### PROVIDED RECORDS:
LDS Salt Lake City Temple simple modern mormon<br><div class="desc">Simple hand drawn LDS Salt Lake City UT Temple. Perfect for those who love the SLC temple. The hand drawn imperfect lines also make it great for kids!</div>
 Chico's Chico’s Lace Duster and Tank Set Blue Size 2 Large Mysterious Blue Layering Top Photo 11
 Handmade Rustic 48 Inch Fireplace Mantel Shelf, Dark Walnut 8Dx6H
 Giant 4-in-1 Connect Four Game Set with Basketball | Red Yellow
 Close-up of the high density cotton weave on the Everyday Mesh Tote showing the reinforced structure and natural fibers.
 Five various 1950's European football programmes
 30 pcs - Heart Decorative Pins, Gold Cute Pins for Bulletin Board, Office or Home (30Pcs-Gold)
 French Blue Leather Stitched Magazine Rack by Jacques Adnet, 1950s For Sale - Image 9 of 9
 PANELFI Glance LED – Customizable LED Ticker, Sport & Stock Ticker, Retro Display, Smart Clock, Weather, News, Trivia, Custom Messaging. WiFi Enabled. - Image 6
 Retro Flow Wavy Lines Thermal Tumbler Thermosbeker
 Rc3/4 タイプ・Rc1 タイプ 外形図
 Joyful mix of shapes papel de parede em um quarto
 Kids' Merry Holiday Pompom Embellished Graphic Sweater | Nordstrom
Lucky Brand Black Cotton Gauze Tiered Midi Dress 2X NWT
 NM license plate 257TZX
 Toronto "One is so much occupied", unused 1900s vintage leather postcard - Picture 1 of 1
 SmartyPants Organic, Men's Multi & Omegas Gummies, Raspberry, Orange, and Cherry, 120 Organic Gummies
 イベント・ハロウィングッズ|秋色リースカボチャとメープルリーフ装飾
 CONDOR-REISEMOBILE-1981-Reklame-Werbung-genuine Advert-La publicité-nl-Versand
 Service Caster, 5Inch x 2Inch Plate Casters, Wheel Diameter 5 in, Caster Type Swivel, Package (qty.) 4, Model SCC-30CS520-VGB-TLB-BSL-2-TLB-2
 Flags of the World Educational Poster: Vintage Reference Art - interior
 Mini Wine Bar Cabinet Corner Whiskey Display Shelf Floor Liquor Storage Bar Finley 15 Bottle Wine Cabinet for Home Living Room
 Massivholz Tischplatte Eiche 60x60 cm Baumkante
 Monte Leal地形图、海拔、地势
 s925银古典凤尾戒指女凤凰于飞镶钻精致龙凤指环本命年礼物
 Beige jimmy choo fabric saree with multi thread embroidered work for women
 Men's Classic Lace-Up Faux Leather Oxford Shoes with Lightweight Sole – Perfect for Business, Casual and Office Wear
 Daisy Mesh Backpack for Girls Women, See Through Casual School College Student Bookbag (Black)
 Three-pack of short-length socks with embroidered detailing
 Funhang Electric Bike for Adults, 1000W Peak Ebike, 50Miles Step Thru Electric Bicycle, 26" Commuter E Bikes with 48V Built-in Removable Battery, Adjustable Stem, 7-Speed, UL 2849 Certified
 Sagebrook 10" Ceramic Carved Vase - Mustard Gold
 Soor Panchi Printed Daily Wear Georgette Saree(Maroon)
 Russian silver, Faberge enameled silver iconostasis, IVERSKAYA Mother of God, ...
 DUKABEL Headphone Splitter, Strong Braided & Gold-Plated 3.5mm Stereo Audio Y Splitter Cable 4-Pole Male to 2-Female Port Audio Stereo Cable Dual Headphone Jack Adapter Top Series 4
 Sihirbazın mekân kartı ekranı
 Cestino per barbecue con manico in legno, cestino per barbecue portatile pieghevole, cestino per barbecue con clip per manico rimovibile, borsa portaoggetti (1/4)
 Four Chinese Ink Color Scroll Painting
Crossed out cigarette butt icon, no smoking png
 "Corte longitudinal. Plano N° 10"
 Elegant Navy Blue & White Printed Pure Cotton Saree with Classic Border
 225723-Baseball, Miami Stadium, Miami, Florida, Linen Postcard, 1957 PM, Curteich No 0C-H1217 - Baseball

### YOUR OBJECTIVE:
Set down, word for word and with no other lines, the listing from the line marked by "Crossed out cigarette" through its final line.

### SOLUTION BELOW:
Crossed out cigarette butt icon, no smoking png
 "Corte longitudinal. Plano N° 10"
 Elegant Navy Blue & White Printed Pure Cotton Saree with Classic Border
 225723-Baseball, Miami Stadium, Miami, Florida, Linen Postcard, 1957 PM, Curteich No 0C-H1217 - Baseball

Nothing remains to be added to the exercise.